Dori Ostermiller talks about time and its discontents



Dori Ostermiller, the author of the shatteringly good novel, Outside the Ordinary World talks about the good and bad news about time.









Last week, in preparation for speaking on a panel about time management, I started chatting up my writing buddies, and discovered some good and bad news about this time issue… The bad news, my friends, is that you probably won’t ever have more time than you do now. During my informal interviews, I found that pretty much everyone is insanely overscheduled, regardless of numbers of offspring, levels of employment or income… (well, with the exception of two retirees in their 80’s). There seems to be an osmotic pressure ruling our hours: got a free space in your week? Something will inevitably flow in to fill it up.

The good news, though, is that needing lots of time to write is actually a myth. I know this, because in 1999, I won a $12,500 Massachusetts Cultural Council grant. I was a part-time working mom, writing grants 15 hours a week, for 15 bucks an hour, and the grant would allow me a long-coveted 6-month leave—enough time, I figured, to finally dust off my neglected manuscript and complete the book.

Somehow, the pressure to perform put me off my game. Terrified of failing, I ran lots of errands during my fifteen hours, sorted through stacks of baby clothes... In my defense, I did finish a chapter or two. I think I finally sent out birth announcements, too, though my daughter was nearly two and everyone was quite aware of her existence. Long story short, having extra time didn't solve my writing dilemma!

When I turned 40 and realized I no longer had unlimited swaths of time before me, I got determined. Or maybe desperate. I now had two kids and was teaching and running a writing studio—my time more taxed than ever. But if I didn’t finish the book soon, I’d have to admit that writing was a silly pipedream, like learning to speak fluent Chinese or reading the complete works of Hegel.

Julia Cameron, in her book The Right to Write, says, “The trick to finding writing time is to make time in the life you’ve already got. Stop imagining some other life as a ‘real’ writer’s life.” Once we learn to write from the sheer love of it, she says, there’s always enough time, but it must sometimes be stolen, like a kiss between lovers on the run… While finishing Outside the Ordinary World, I somehow found the will to rise at 5 am, four times a week, though I'm allergic to mornings… I also learned to utilize that “waiting mother” time—during piano lessons, dentist’s appointment, soccer games—perhaps the most abundant untapped resource we moms have access to! (I once completed a chapter during a 40-minute dance practice).

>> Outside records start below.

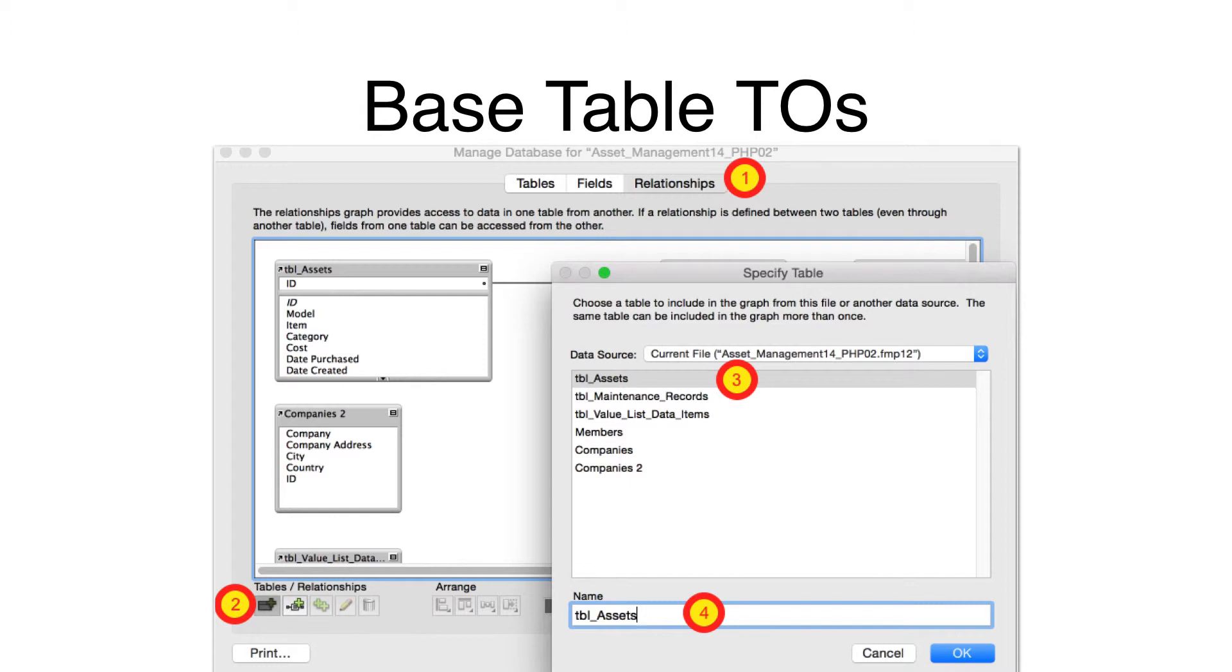If the name proposed by FileMaker ends with a number, then it means that there is already a TO having exactly the same name as the table. Therefore, you don't need to create a new TO for that individual table.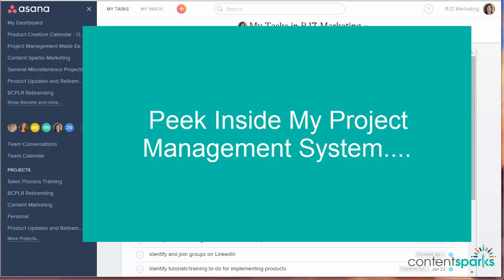Hey, it's Sharon here from contentsparks.com and in this video I'm going to give you a peek inside my project management tool because a lot of my customers have asked me how I'm able to crank out products so quickly and consistently every month. Part of that is I do have a very strict process I follow and some templates and of course an amazing team, but I also have really good tools that I use and one of them is this project management tool called Asana.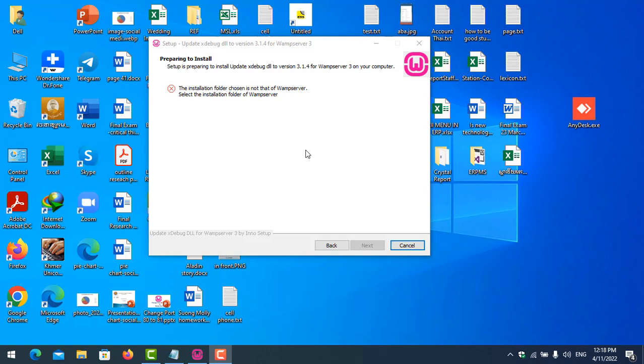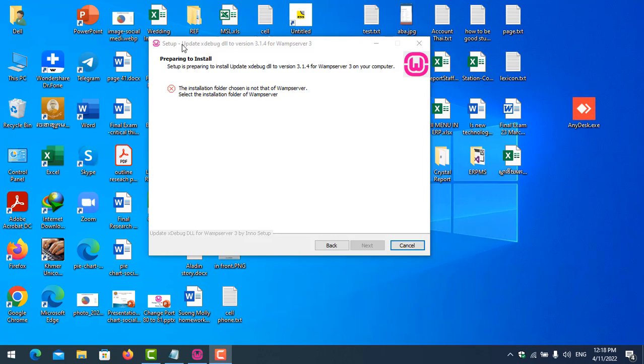When you install a web server, you see a mistake error like this: 'the installation folder chosen is not that of the web server. Select the installation folder of the web server.' This means that you're using the wrong file. It is the update file, not the installation file. So be careful about this.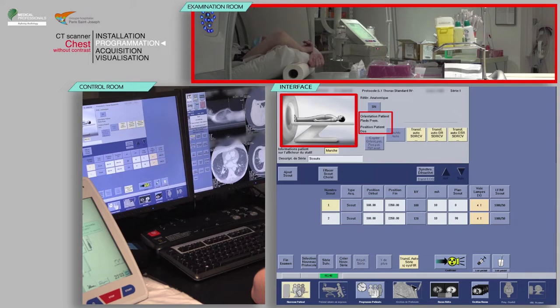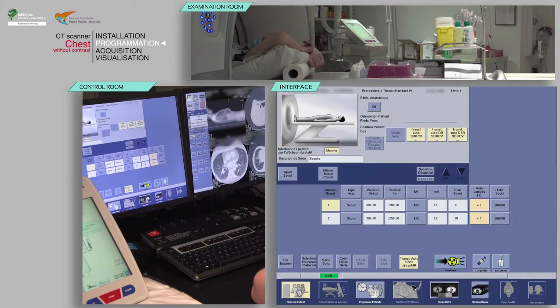Here the patient's orientation is feet first. After verifying the scan parameters, click confirm.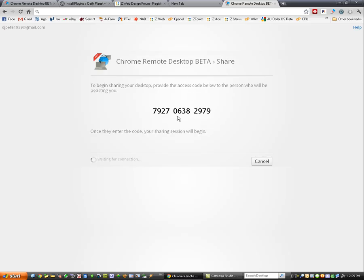Send that access code to the person that wants to remotely look at your computer, but of course you can see it says waiting for connection.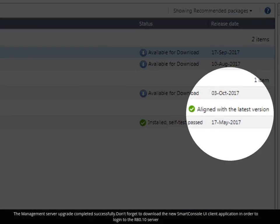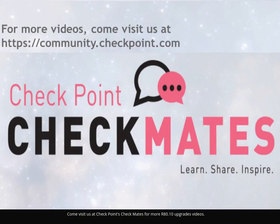That's it! The management server upgrade completed successfully. Don't forget to download the new SmartConsole UI Client application in order to log in to the upgraded R80.10 server. Come visit us at Check Point's Checkmates for more R80.10 upgrade videos. Thank you!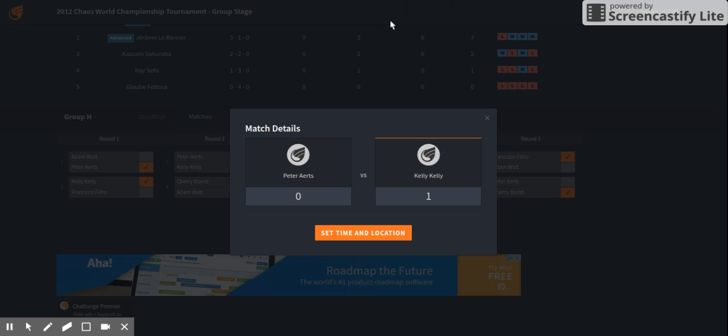Here is the Dutch Lumberjack looking to chop down the tree, Peter Aerts. Also a kickboxing background, you can see him there in the customary lumberjack leather. Here comes the Dutch Lumberjack Peter Aerts.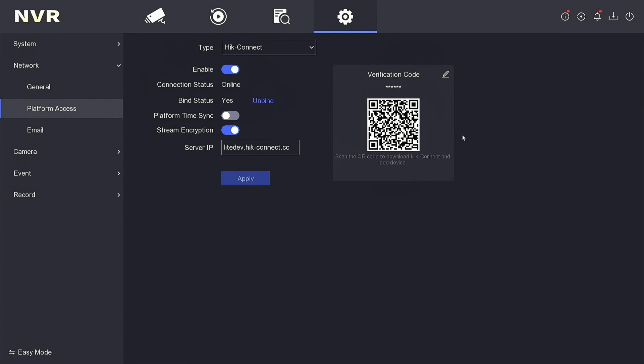That's it. Now you have edited the verification code for your Hikvision NVR. Keep it handy for future use.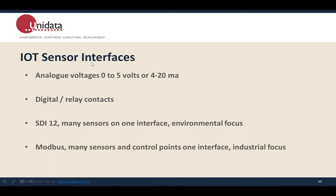Let's talk about IoT sensor interfaces: analog, digital, SDI-12, and Modbus — they're very common and we support all of them. For pressure sensors, if you want to keep it simple, most support 4 to 20 milliamp analog, but we can do either. It doesn't matter to us.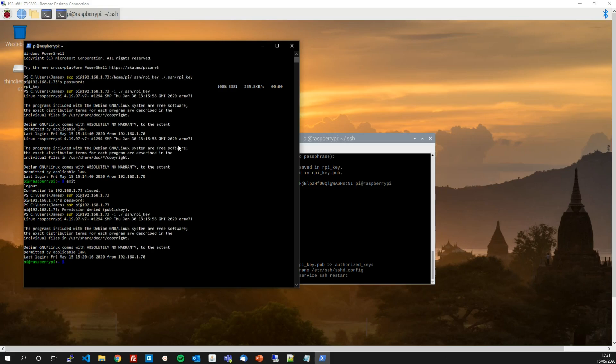So that can conclude this video. I've shown you how to set up a public private key authentication system for your Raspberry Pi and disable your username password authentication. So now nobody can brute force your Raspberry Pi and guess your password. Of course, you don't want to lose your key. Do look after your private key.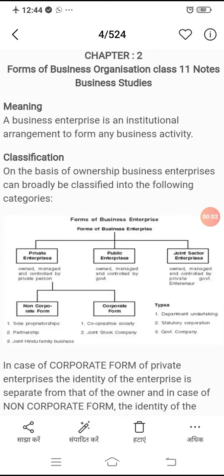Good morning everyone. This is chapter number 2 from class 11, Forms of Business Organization. First is meaning — a business enterprise is an institutional arrangement to carry out any business activity. Kisi business activity ko karne ke liye business enterprise banaya jaata hai, institutional arrangement hota hai.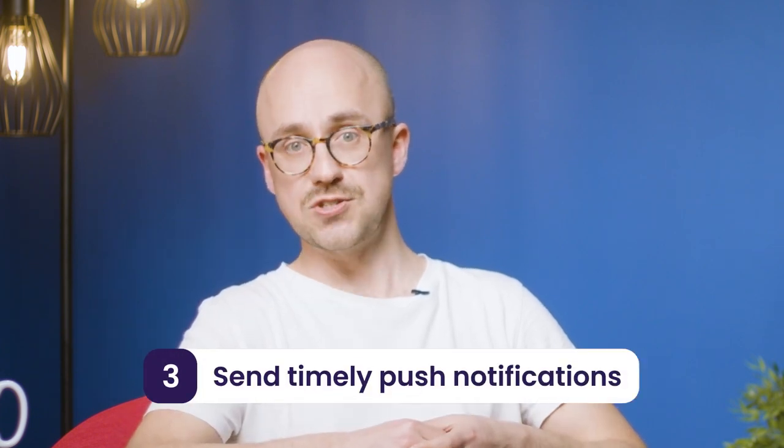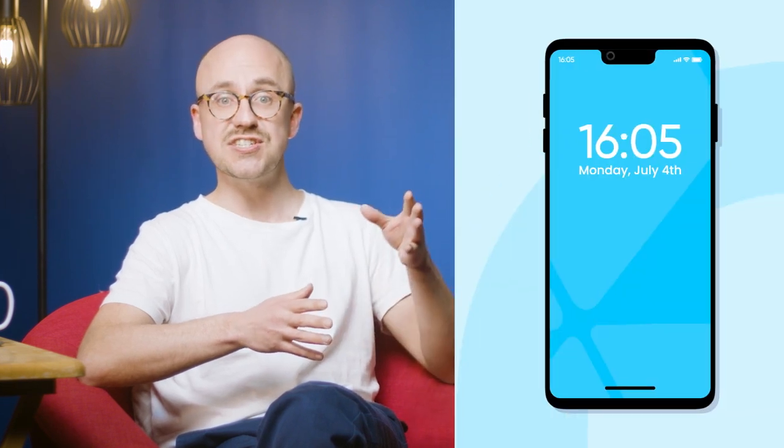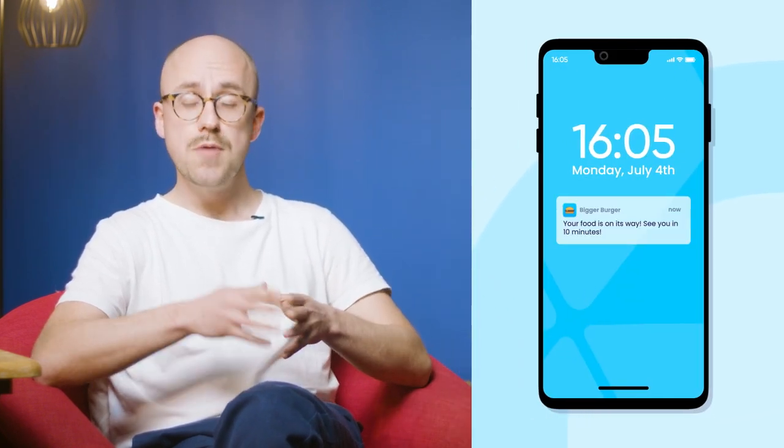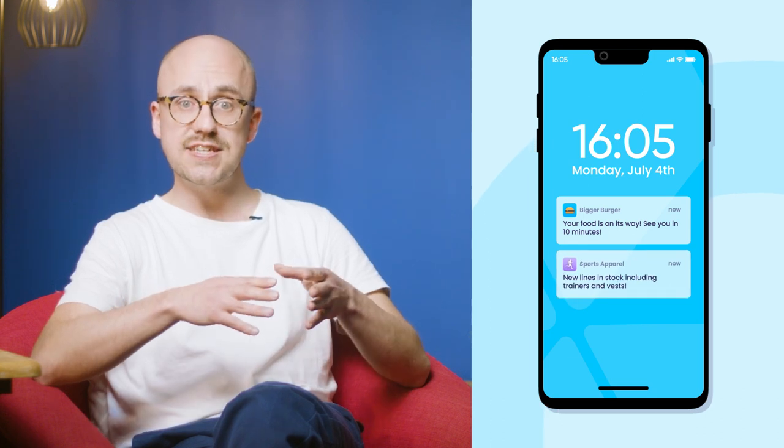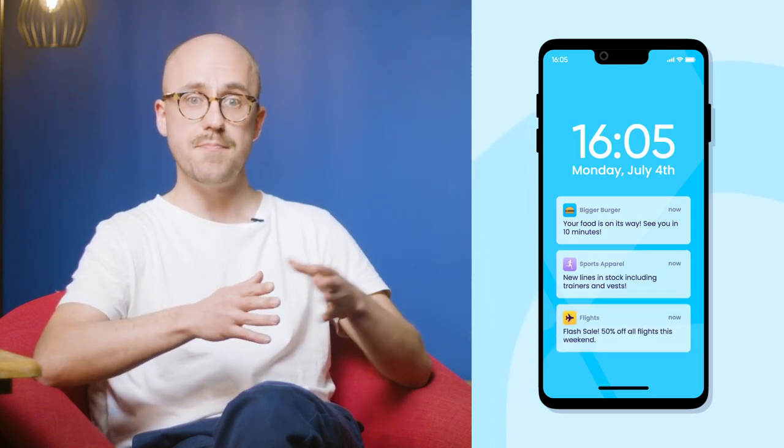So now we move on to tip number three: sending timely push notifications. Earlier I talked about owned media — these are the assets that you've invested in but don't cost you anything to utilize again. One of the most effective ways of engaging your users is to send well-timed push notifications. These are messages you can send directly to your existing app users on their mobile devices if they've opted in. Once opted in, you can keep them engaged by sending them valuable info like flash sales, promotions, or timely updates like the status of their food or shopping delivery.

And when these stolen moments didn’t feel like they were adding up to a publishable novel, I swiped some weekends: every six weeks I’d spirit away to a writer’s retreat in Ashfield and shut myself in for 3 days at a stretch—I was that hungry for silence and solitude. Did I feel guilty leaving my family? Yes! So I channeled that angst into the novel; I created a fictional affair. I figured that was a much better deal for my husband, anyways...

Speaking of affairs, Cameron also likes to point out that the busiest, most important woman in the world can still find time for someone she's in love with. If something is important enough, we do find a way.